Bourbon Cowboy

The adventures of an urbane bar-hopping transplant to New York.

My Photo
Name:
Location: New York, New York, United States

I'm a storyteller in the New York area who is a regular on NPR's "This American Life" and at shows around the city. Moved to New York in 2006 and am working on selling a memoir of my years as a greeting card writer, and (as a personal, noncommercial obsession) a nonfiction book called "How to Love God Without Being a Jerk." My agent is Adam Chromy at Artists and Artisans. If you came here after hearing about my book on "This American Life" and Googling my name, the "How to Love God" book itself isn't in print yet, and may not even see print in its current form (I'm focusing on humorous memoir), but here's a sample I've posted in case you're curious anyway: Sample How To Love God Introduction, Pt. 1 of 3. Or just look through the archives for September 18, 2007.) The book you should be expecting is the greeting card book, about which more information is pending. Keep checking back!

Thursday, July 20, 2006

...And Now I'm Self-Conscious About Titles

Two weeks ago at my favorite dive bar in Manhattan (The Patriot, on Chambers at Church between the A and 1 lines), a bartender/actress/comedienne told me "Did you know there's a whole storytelling scene in New York? You'd probably like it." She gave me a number to call---a woman named Sherry, who hosts biweekly storytelling shows---and Sherry, in turn, invited me to see a sample show and then arrange for a tryout if I still wanted to perform.

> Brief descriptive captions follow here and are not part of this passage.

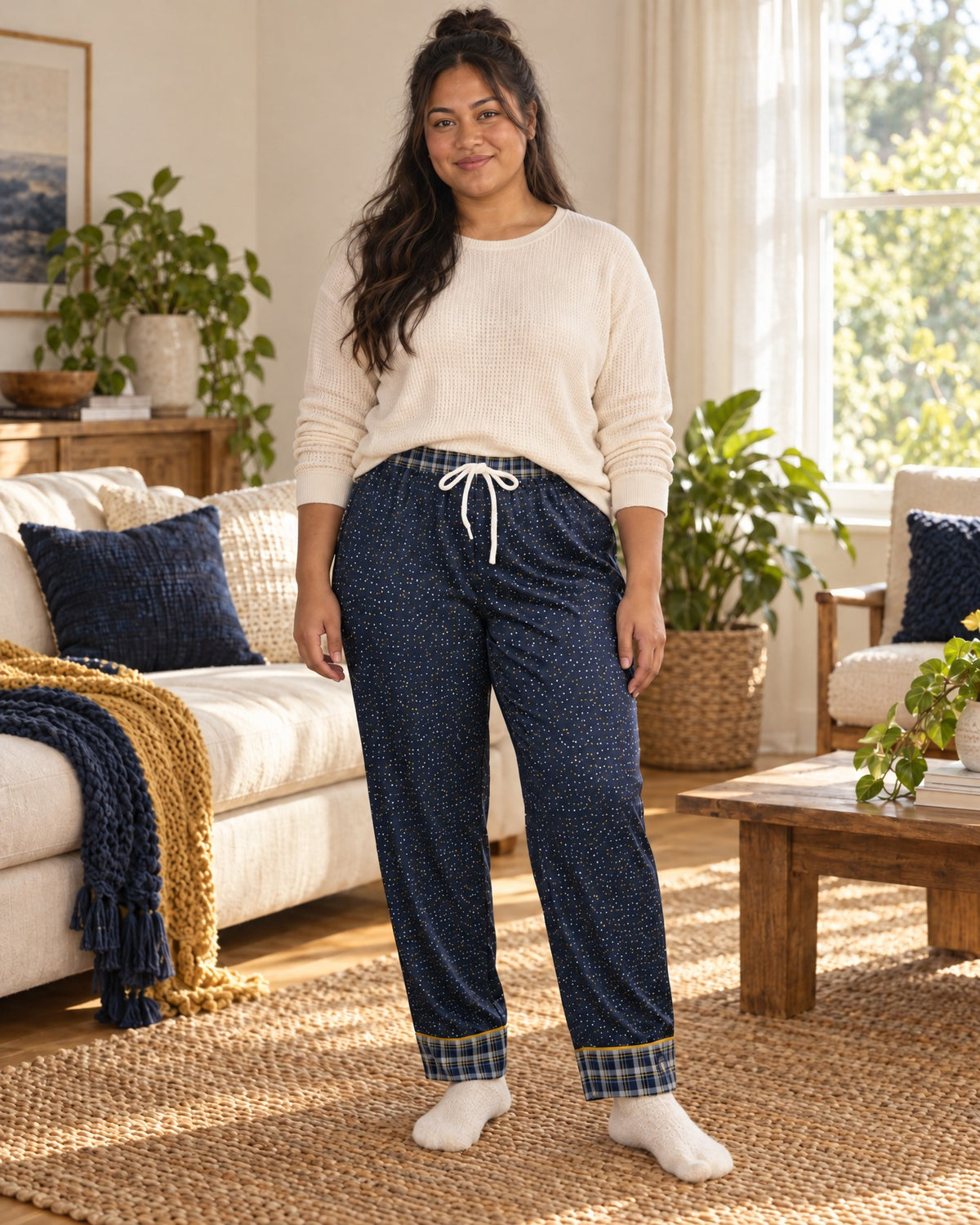 Woman standing in a sunlit living room wearing the Navy & Brass satin pajama pants with a cream knit top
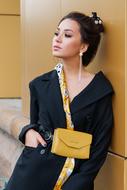 stylish girl with yellow handbag near the wall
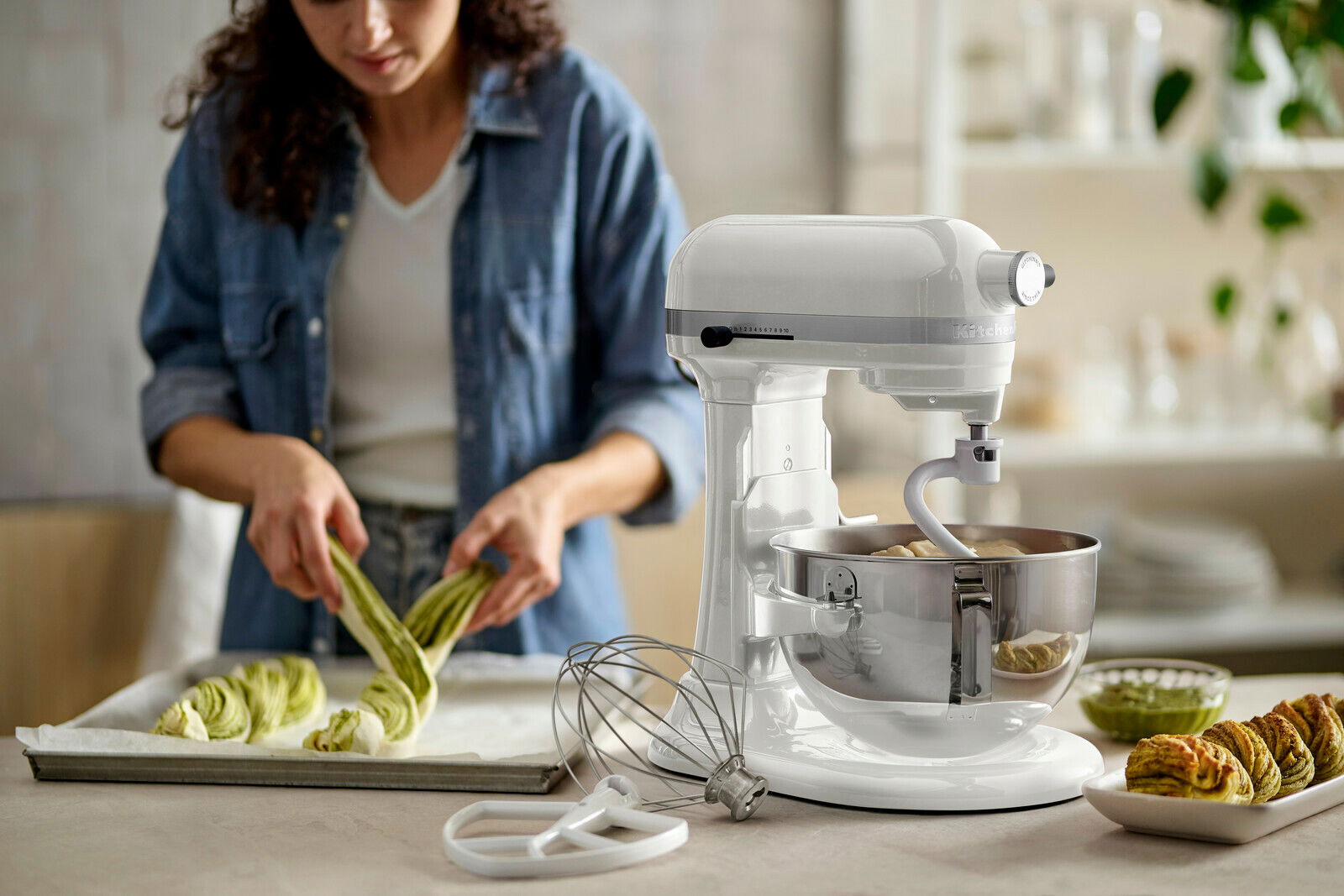 Weiße Küchenmaschine in Seitenansicht mit Rührschüssel und Knethaken, im Hintergrund eine Person beim Backen.
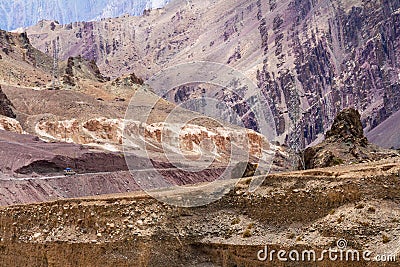 High voltage lines in Lamayuru moonland, picturesque lifeless mountain landscape on a section of the Leh-Kargil route Stock Photo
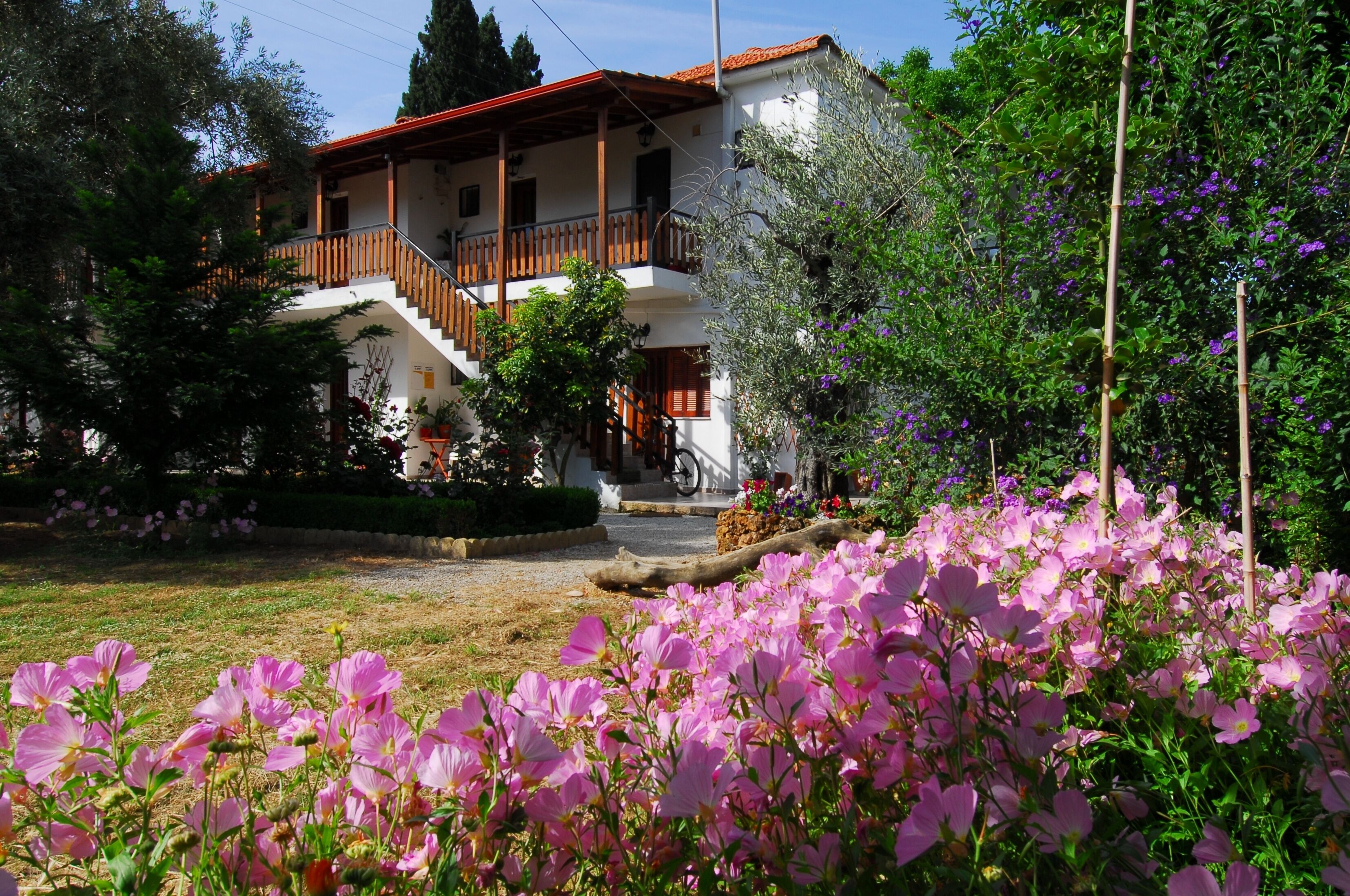 A two-story building with a wooden balcony and a staircase leading to the entrance.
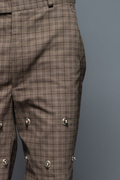 ROSANI The Katu trouser in brown check - relaxed-fit checked trousers with metallic inserts and applique back pockets, front view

I was hopeful, but nervous, because if you Google "storytelling"---or, for that matter, listen to too much NPR---you'd be justified in suspecting that storytellers are mostly itinerant hippies just a branch or two over from Renaissance Fair magicians in the Geek Family Tree. Every time I hear a storyteller on NPR (not on This American Life, but as a guest on Morning Edition or some such), they seem a little overeager, a little loud, and slightly too artful to be truly believed. It's clear from the usual mode of presentation that they're geared to winning over rather large crowds with highly structured, slightly corny stories in poorly miked venues. Since my work is more like a comic reading, this wasn't really what I was after, and I definitely never want to be billed alongside a guy retelling a Navajo creation myth who uses all the voices.

So I went to Brooklyn to see the show at a place called Night and Day. (This was, by the way, my first intentional trip out of Manhattan, since I'm not counting the time I hopped on the E going the wrong direction, then overcorrected and wound up just taking the F even further into what was either Brooklyn or Queens. It all looks the same if you never leave the tunnels.)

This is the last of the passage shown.